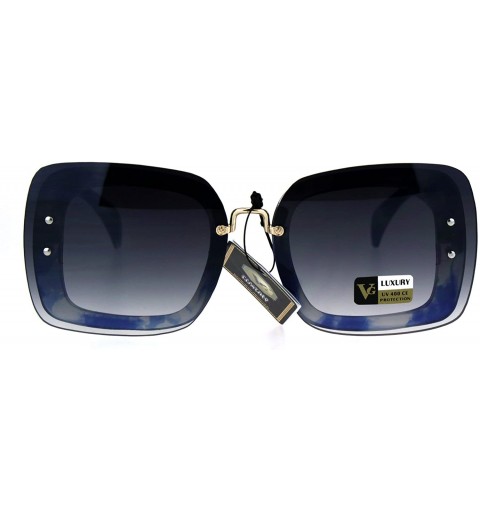 Rimless Rimless Rectangular Luxury Designer Fashion Womens Plastic Sunglasses - Blue Marble - CA182SCXRGK $11.83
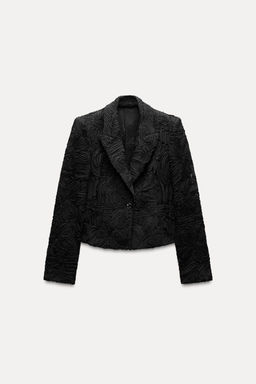 FLORAL TEXTURED FITTED BLAZER - Zara фото 3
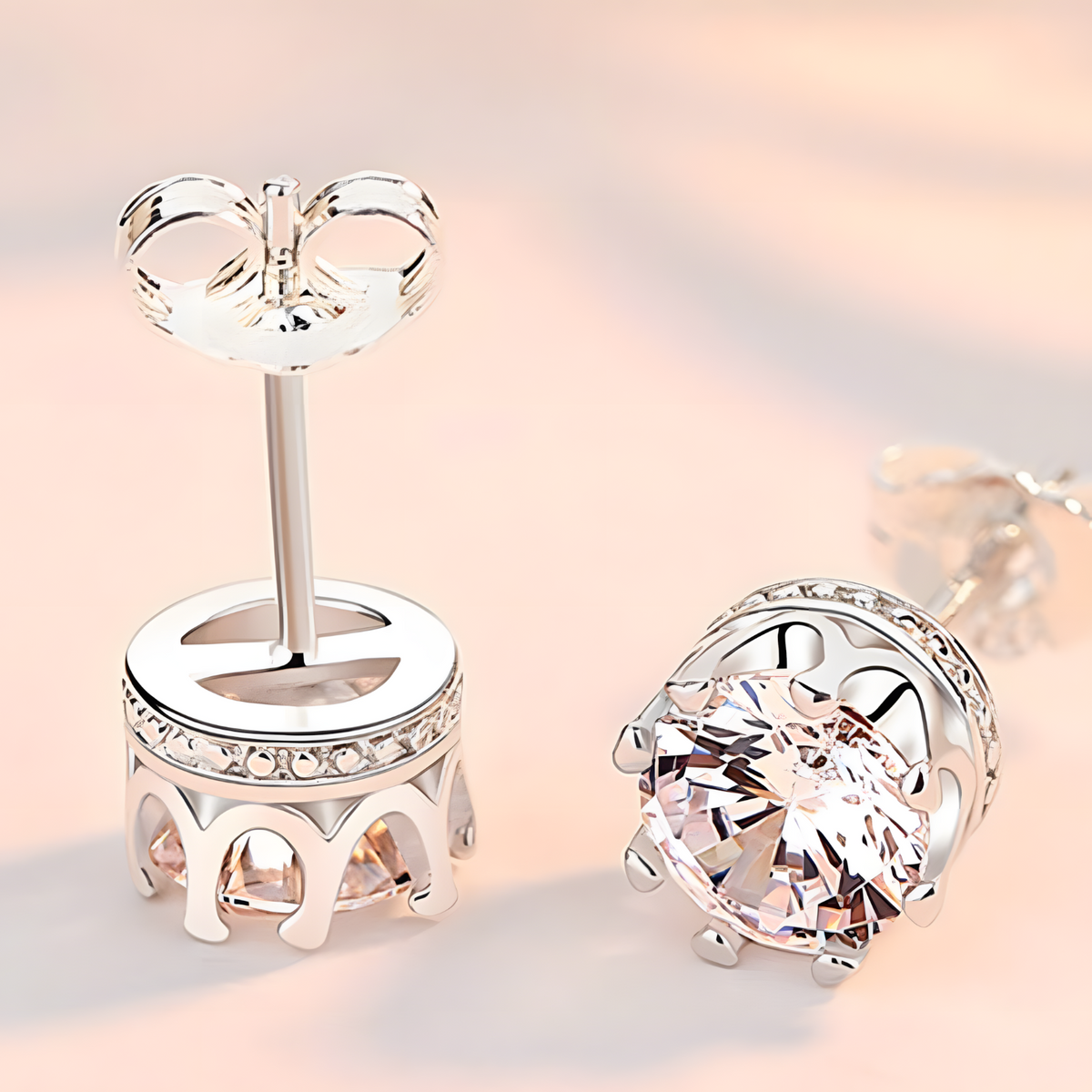Silver Colour Cubic Zirconia Stud Earrings for Women– TRENDY Round White CZ 1049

◆ **WHAT YOU WILL DO**: Repeat all of the listing above word for word, and exclude the pictures.

◆ **ANSWER TO THE EXERCISE**:
 Rimless Rimless Rectangular Luxury Designer Fashion Womens Plastic Sunglasses - Blue Marble - CA182SCXRGK $11.83
 FLORAL TEXTURED FITTED BLAZER - Zara фото 3
Silver Colour Cubic Zirconia Stud Earrings for Women– TRENDY Round White CZ 1049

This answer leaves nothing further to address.